The idea that knowledge has value
is ancient. In the 1st century AD, Juvenal (55-130) stated “All wish to know but none wish to pay the price". In 1775, Samuel Johnson wrote: “All knowledge is of itself of some value.”
In the 19th century, Coleridge (1825) stated that : “The worth and value of knowledge is in proportion to the worth and value of its object.” Auerbach (1865) asked
: “What is all our knowledge worth?" although he proposed no answer. Largely the same ideas are already expressed in the term intellectual capital
or the more ancient knowledge is power
- given that power is a value in its own right.
Only towards of the end of the 20th century, however, was the value of knowledge in a business context generally recognized. The idea has since become something of a management fad
, although many authors indicate that the underlying principles will become standard business practice
. It is now understood that knowledge about how to produce products and provide services as well as their embedded knowledge is often more valuable than the products and services themselves or the materials they contain. Although measuring the value of knowledge remains elusive, describing its flow through value chains is a step in the right direction.

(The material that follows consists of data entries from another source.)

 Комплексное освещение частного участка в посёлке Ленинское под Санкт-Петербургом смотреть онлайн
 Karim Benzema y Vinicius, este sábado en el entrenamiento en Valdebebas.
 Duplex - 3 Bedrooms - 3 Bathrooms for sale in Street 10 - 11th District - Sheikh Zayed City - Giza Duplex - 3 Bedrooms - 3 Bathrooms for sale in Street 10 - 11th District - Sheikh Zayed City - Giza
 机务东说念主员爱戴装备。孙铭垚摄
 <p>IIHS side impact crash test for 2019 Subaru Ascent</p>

Firestone was the first to relate knowledge to business when he noted that “Thought, not money is the real business capital.” Alvin Toffler (1990) proposed that knowledge is a wealth and force multiplier, in that it augments what is available or reduces the amount needed to achieve a given purpose.
In comparing knowledge and product value, Amidon (1997) observes that knowledge about how to produce products may be more valuable than the products themselves. Leonard similarly points out that products are physical manifestations of knowledge and that their worth depends largely on the value of the embedded knowledge.
Davis (1999) further notes that the computer chips in a high-end automobile
are worth more than the steel, plastics, glass
, or rubber. However, Davis and Botin (1994) indicate that awareness
of the value of knowledge exceeds the ability of many businesses to extract
it from the goods and services in which it is embedded.
Measuring the value of knowledge has not progressed much beyond an awareness that traditional accounting practices are misleading
and can lead to wrong business decisions (Martin, 1996). Amidon (1997) points out that the shift from tangible
to intangible assets will revolutionize the way that enterprises are measured and that there is an entirely new way to value economic wealth.
Simard et al
. (2007) developed a content value chain
describing the flow of content through a sequence of stages
in which its form is changed and its value or utility to users are notably increased at each stage: objects, data, information, knowledge, and wisdom. They also developed a knowledge services value chain, which describes the flow of knowledge services through a sequence of stages, in which value is embedded, advanced, or extracted.
The stages are: generate, transform, manage, use internally, transfer, add value, use professionally, use personally, and evaluate.